> How to complete this task
Pictures are to be left out; every line from the one with "Breitling-25" through the end of the data must be transcribed exactly.

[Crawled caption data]
== == ==

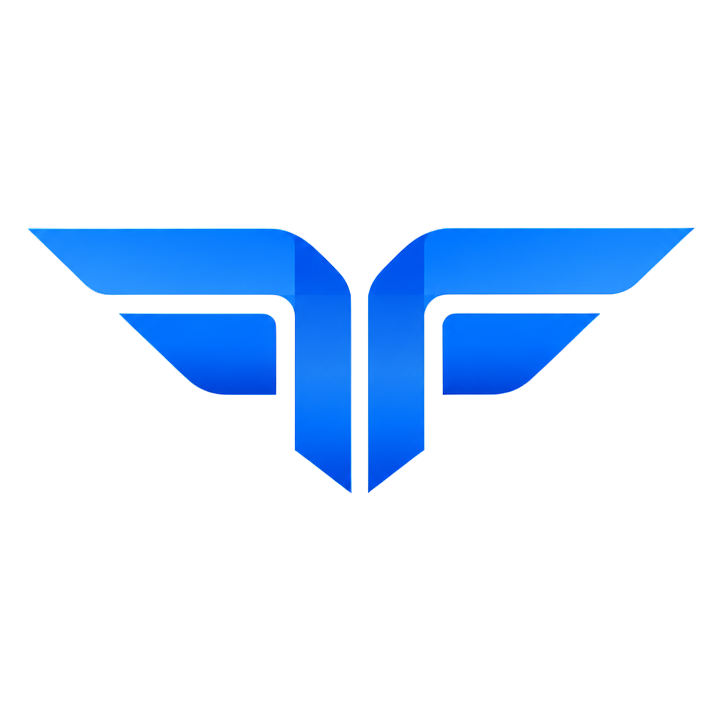 Theorair logo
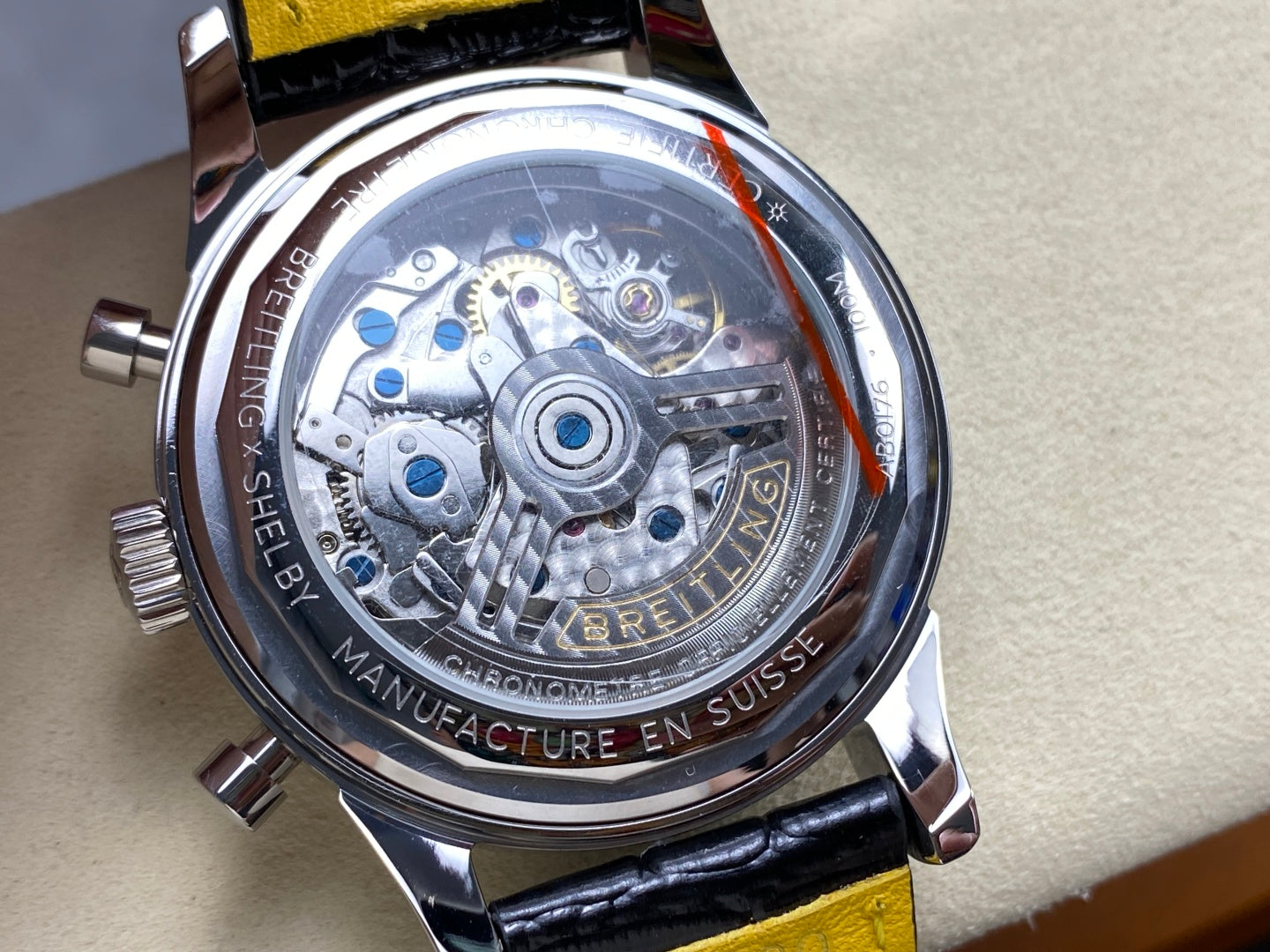 Breitling-25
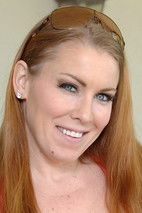 Десирее ДеЛуца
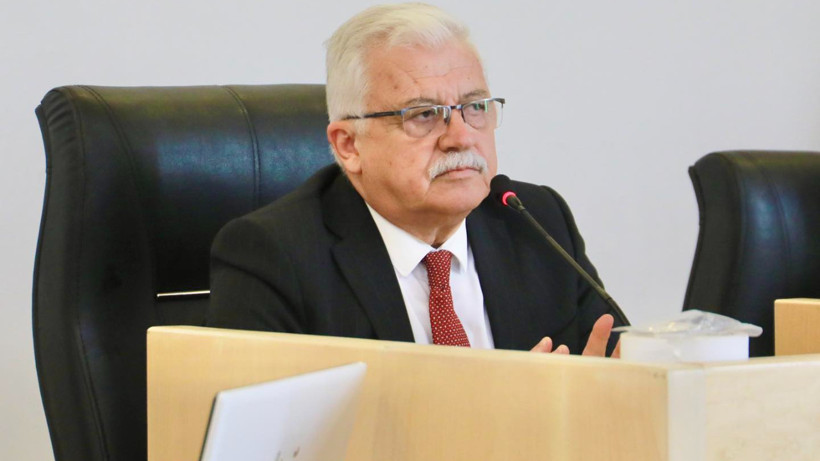 Burhaniye’de Kompost Tartışması Bitti, Seracılık Dönemi Başlıyor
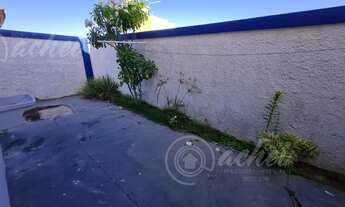 Imagem 4: LAURO DE FREITAS - RESIDENCIAL - Vilas do Atlântico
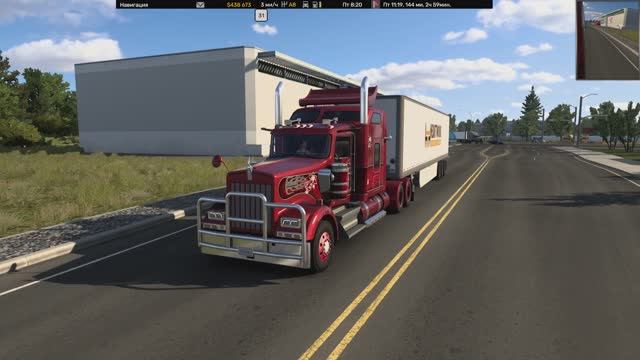 ATS 2026-04-23 21-37-31-466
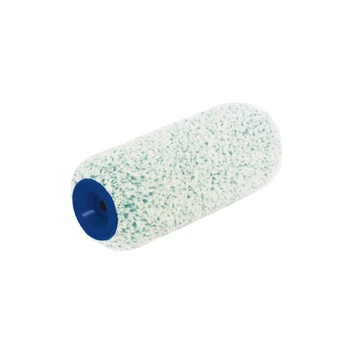 Валик Painter WKL0094 Polichrom 48*250 мм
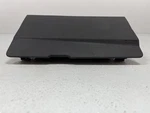 Airbag Oem Driver Knee Lower Dash Black G1EY78042A01AA35B8 2016-18 Ford Focus. Fixed Price $150.00.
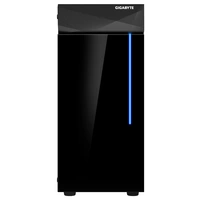 Gigabyte PC de bureau AMD Ryzen 5 9600X 5.40 GHz 16 GB RAM 1 TB SSD AMD Radeon Graphics Win 11 Pro GB-PC0016 Gigabyte PC de bureau AMD Ryzen 5 9600X 5.40 GHz 16 GB RAM 1 TB SSD AMD Radeon Graphics Win 11 Pro GB-PC0016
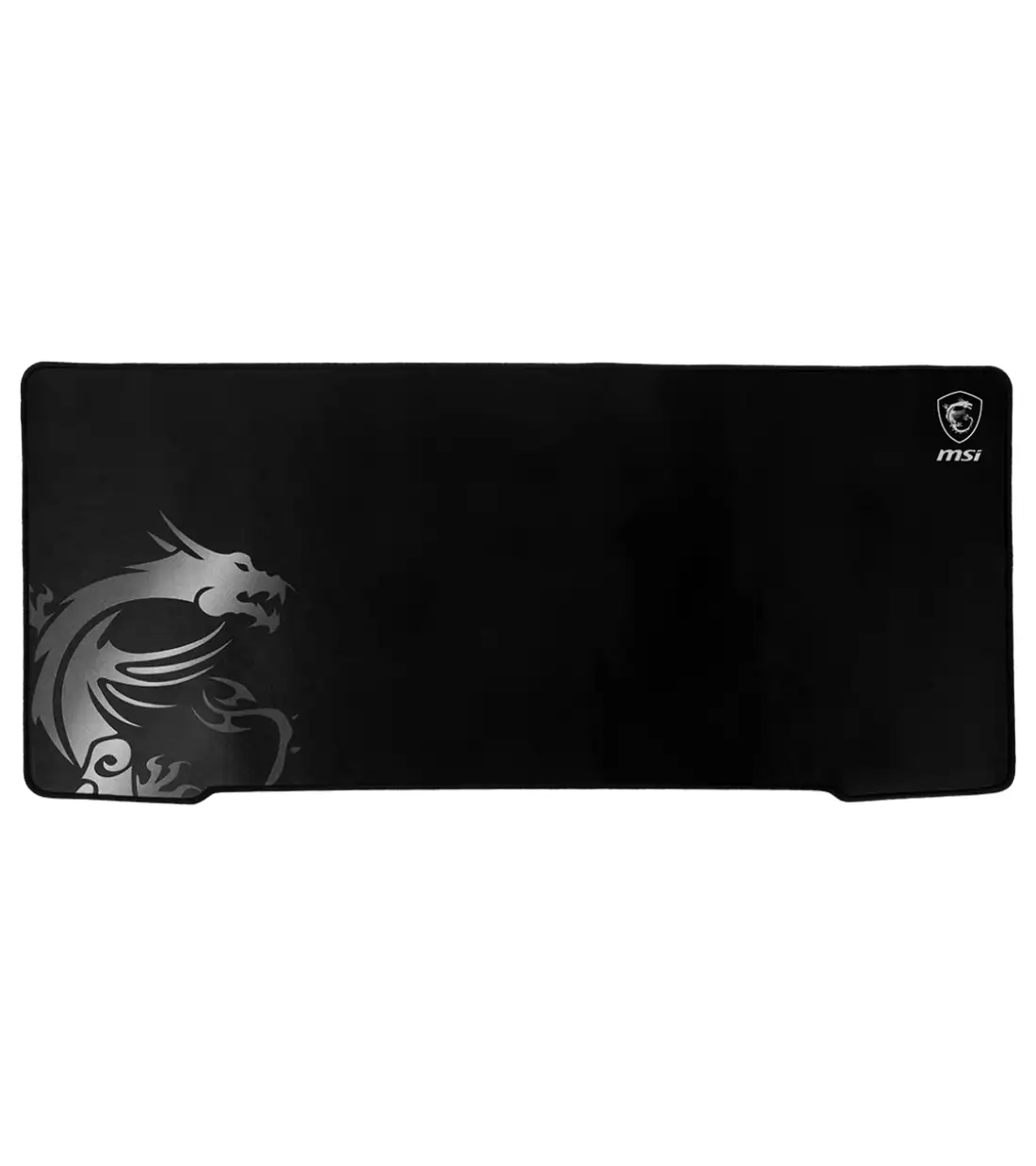 takht-13993-mos-bd-gymyng-am-as-ay-agility-gd70.webp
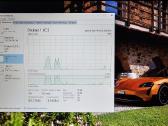 Acer V3-771g i7/28gb/260+1tb/17.3/nvidia - nuotraukos Nr. 13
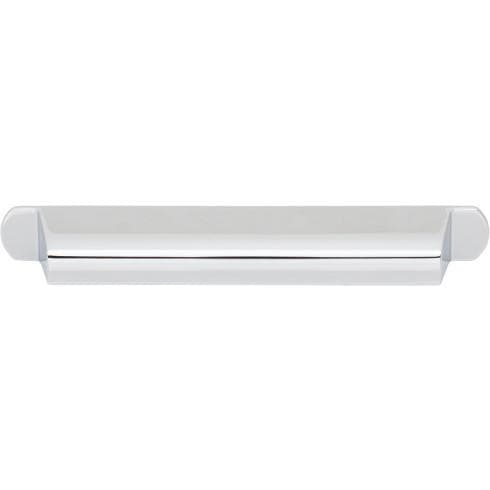 Top Knobs Cressing Series Cup Pull TK3363PC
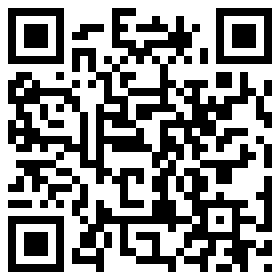 qrcode für JUNG LC404TSA229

== == ==

> Answer to this exercise
 Breitling-25
 Десирее ДеЛуца
 Burhaniye’de Kompost Tartışması Bitti, Seracılık Dönemi Başlıyor
 Imagem 4: LAURO DE FREITAS - RESIDENCIAL - Vilas do Atlântico
 ATS 2026-04-23 21-37-31-466
 Валик Painter WKL0094 Polichrom 48*250 мм
 Airbag Oem Driver Knee Lower Dash Black G1EY78042A01AA35B8 2016-18 Ford Focus. Fixed Price $150.00.
 Gigabyte PC de bureau AMD Ryzen 5 9600X 5.40 GHz 16 GB RAM 1 TB SSD AMD Radeon Graphics Win 11 Pro GB-PC0016 Gigabyte PC de bureau AMD Ryzen 5 9600X 5.40 GHz 16 GB RAM 1 TB SSD AMD Radeon Graphics Win 11 Pro GB-PC0016
 takht-13993-mos-bd-gymyng-am-as-ay-agility-gd70.webp
 Acer V3-771g i7/28gb/260+1tb/17.3/nvidia - nuotraukos Nr. 13
 Top Knobs Cressing Series Cup Pull TK3363PC
 qrcode für JUNG LC404TSA229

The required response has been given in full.